A boy takes a break from e-learning during the pandemic
A boy takes a break from e-learning during the pandemic. (Getty Images)

Controversies over remote learning morphed into debates over students should have to wear masks in schools or show proof of vaccination. Conservative activists like Christopher Rufo harnessed parents’ frustration into a movement that sought control over how schools handle matters of sexuality and race.

But while those remain potent issues, the question of learning loss remains salient for many parents. Not only that, but it confronts them with the question of whether the same schools that oversaw those losses can now make the necessary gains. Kamenetz, the education reporter, points to promising intensive tutoring programs in Tennessee, but it is not clear how widely that model has been replicated around the nation.

Pringle, of the NEA, told Yahoo News that social disparities were to blame. “The gaps between the haves and the have-nots in this nation are on stark display with these NAEP test scores,” she said in a statement emailed by a press representative for the union.
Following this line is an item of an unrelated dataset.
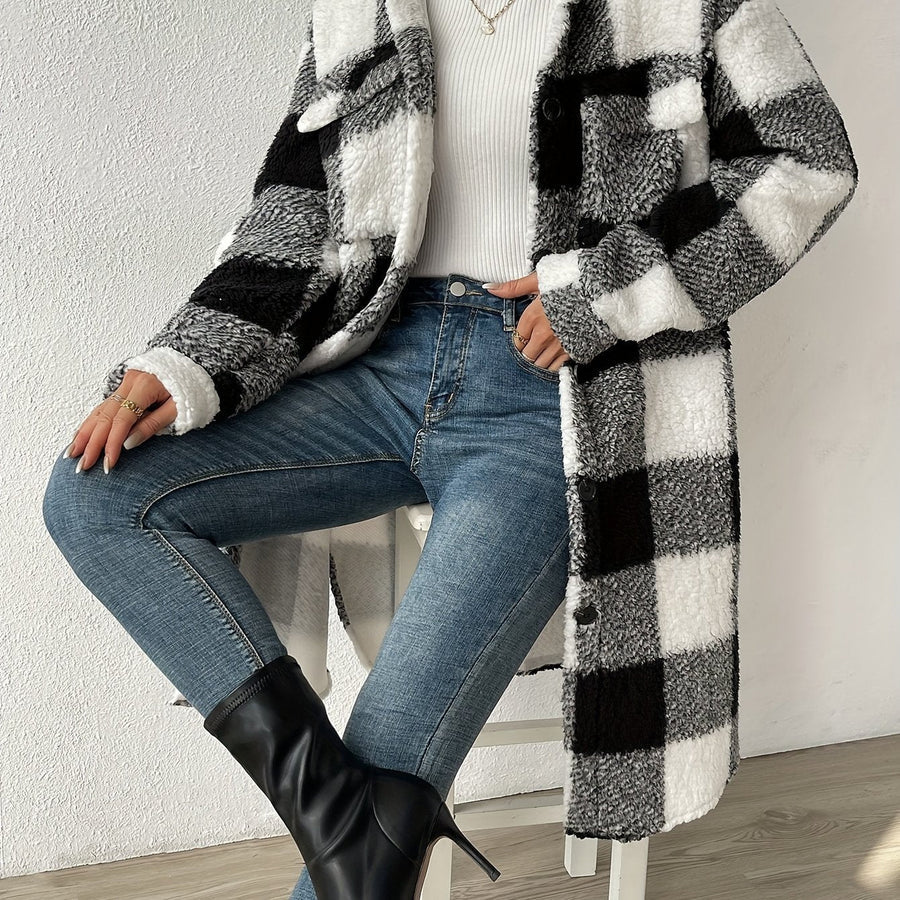 Women's Teddy Coat – Oversized Fit – Checked Pattern – Mid-Length – Flap Pockets - Image 3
The AFT’s Weingarten responded to the NAEP results by stressing learning recovery, an effort that has been complicated by the national teacher shortage. “These scores reiterate the vital importance of this school year to help students recover and thrive,” she said in a statement of her own. “This is a year to accelerate learning by rebuilding relationships, focusing on the basics and investing in our public schools.”

Frayed trust and lingering frustration could complicate that work. “Students will need creative solutions to come back from this damage,” the conservative author and northern Virginia parent Mary Katharine Ham argued in the Daily Beast.

Educators maintain that they cannot be blamed for the ravaged of the pandemic, which no segment of society fully escaped.

"We did the best we could," Weingarten told Yahoo News.